Based on minor's statements, the juvenile court found true the allegations as to count 1 based on the theory the minor did not set the fire himself, but rather aided and abetted the friends who did set the school building fire.
II
DISCUSSION
Minor first argues insufficient evidence supports the true finding he aided and abetted the friend (or friends) who committed the arson of a structure in count 1. We disagree.
When a minor challenges the sufficiency of the evidence supporting the juvenile court's true finding of the criminal allegations contained in a Welfare and Institutions Code section 602 petition, we apply the same standard of review that applies to any claim made by a criminal defendant challenging the sufficiency of the evidence on appeal. (In re Ryan N. (2001) 92 Cal.App.4th 1359, 1371; see In re Y.R. (2014) 226 Cal.App.4th 1114, 1118.) We review the entire record in the light most favorable to the judgment to determine whether it contains reasonable, solid, credible evidence from which a reasonable trier of fact could find the criminal allegations against the minor true beyond a reasonable doubt. (People v.

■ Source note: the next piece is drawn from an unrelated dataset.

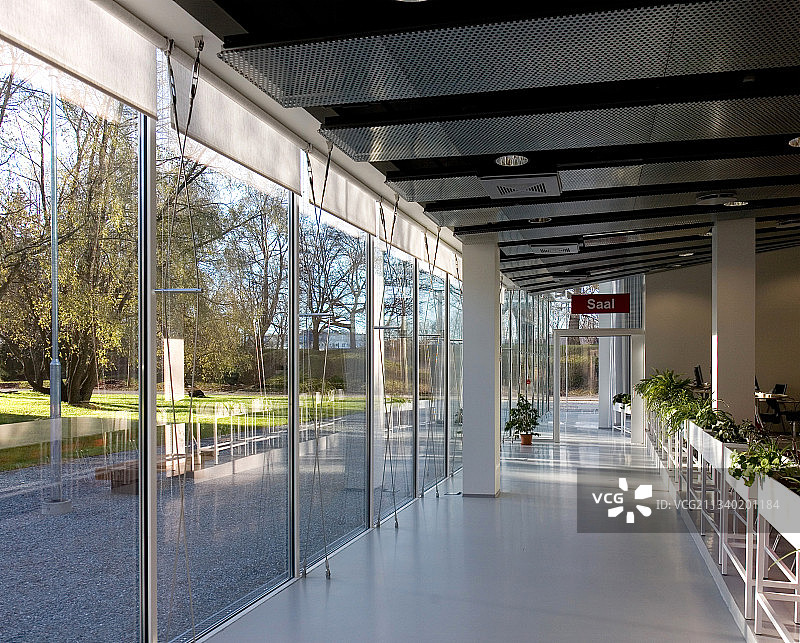 酒店或会议中心玻璃墙大堂图片素材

Johnson (2015) 60 Cal.4th 966, 988.) We do not invade the province of the trier of fact by reweighing the evidence, or by reconciling competing circumstances and redrawing competing inferences from those circumstances; it is the trier of fact—not the appellate court—which must be convinced beyond a reasonable doubt of the truth of the allegations against the minor. (People v. Alexander (2010) 49 Cal.4th 846, 917; People v. Bradford (1997) 15 Cal.4th 1229, 1329.) Even the testimony of a single witness may provide the trier of fact with sufficient evidence to support a true finding. (People v. Elliott (2012) 53 Cal.4th 535, 585.) To succeed under this review, then, a minor bears the heavy burden of establishing that no reasonable trier of fact could have found the criminal allegations true beyond a reasonable doubt. (People v. Lewis (2009) 46 Cal.4th 1255, 1289-1290.)
A. Aiding and Abetting Arson of a Structure
Minor does not dispute that the arson at the abandoned school building took place. Rather, his argument centers on the nature of his involvement in that arson, as he claims he was merely present and passively accompanied his friends throughout the arson—nothing more.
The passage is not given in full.